//Crimine in Messico: un’analisi empirica

Crimine in Messico: un’analisi empirica

Qual è il miglior mezzo per combattere la criminalità? Numerose discipline hanno formulato teorie a questo proposito, dalla psicologia alla sociologia, dalla giurisprudenza alla neonata scienza della criminologia. Anche gli economisti, da tempo, discutono intorno a questa tematica. Partendo dal modello del criminale razionale ideato dal premio Nobel Gary Becker, si è aperto un lungo filone di discussione su quali siano i principali fattori che spingono l’individuo ad infrangere la legge, confronto nel quale le diverse teorie vengono sempre supportate da evidenza empirica. Dalla letteratura economica emergono due correnti principali: una che focalizza l’attenzione sulle variabili legate alla punizione attesa dall’individuo in procinto di commettere un crimine, ovvero probabilità di arresto e condanna e severità della pena prevista, considerandole le migliori misure di deterrenza adottabili dalle autorità pubbliche; l’altra invece più attenta a fattori socioeconomici come l’educazione ricevuta, le opportunità sul mercato del lavoro, la disuguaglianza e le caratteristiche del territorio dove l’individuo vive, che influenzano la scelta in modo più indiretto, ma non necessariamente meno efficace.

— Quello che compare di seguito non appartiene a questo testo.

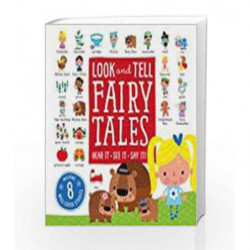 Look and Tell Fairy Tales by NA Book-9781786925251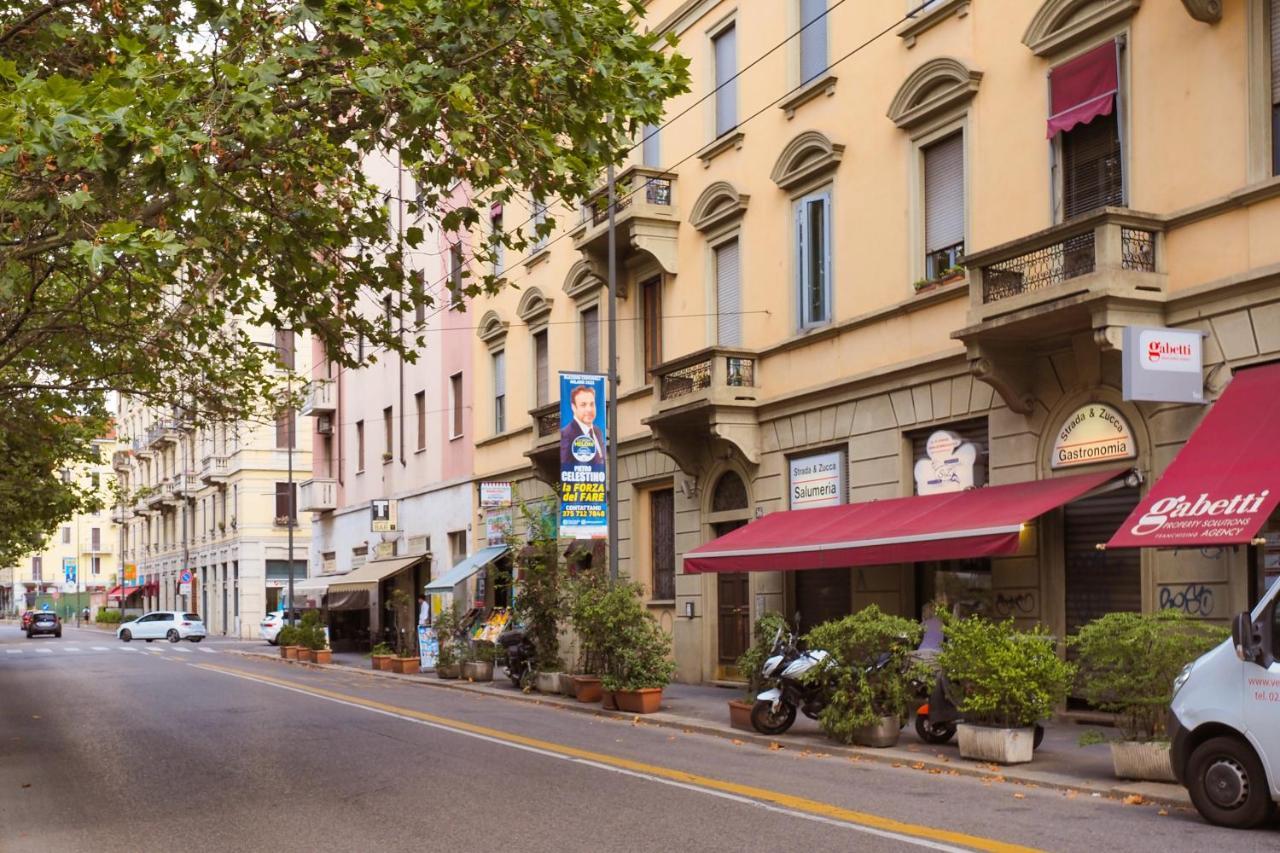 Nido Dell'Aquila - Appartamento In Milano Porta Romana Extérieur photo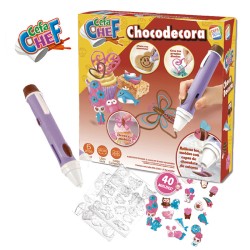 CEFACHEF CHOCODECORA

Ho cercato dunque di sfruttare alcuni degli insegnamenti appresi dallo studio delle precedenti analisi per svolgere una piccola regressione. In particolare, ho guardato a come è cambiato il numero delle aggressioni in Messico dal 2002 al 2009, ovvero prima e dopo la salita al governo del presidente Felipe Calderón. La presa di potere di Calderón rappresenta infatti un momento importate per quanto riguarda la criminalità messicana, poiché segnò l’inizio della cosiddetta “guerra della droga”, scoppiata in seguito alle aggressive politiche di arresto adottate dal Presidente al fine di combattere i narcotrafficanti del paese. Nel corso del governo di Calderón, tuttavia, con il numero di arresti aumentarono vertiginosamente anche gli omicidi compiuti sul territorio messicano. Partendo da questa apparente relazione positiva tra incremento della punizione attesa e numero di omicidi compiuti, regrediremo dati individuali sulla vittimizzazione raccolti dal progetto “Mexican Family Life Survey” su una dummy che assume valore unitario nel caso di presenza di Calderón al governo e su altre variabili rappresentanti l’educazione, la ricchezza, il reddito da lavoro e la situazione di credito e debito degli individui intervistati (i dati provengono sempre dal database di MxFLS). Unendo i dati individuali sulla proprietà a livello di stati federali, ho cercato di capire quali fattori influenzano maggiormente il numero di aggressioni in un dato territorio e in che modo.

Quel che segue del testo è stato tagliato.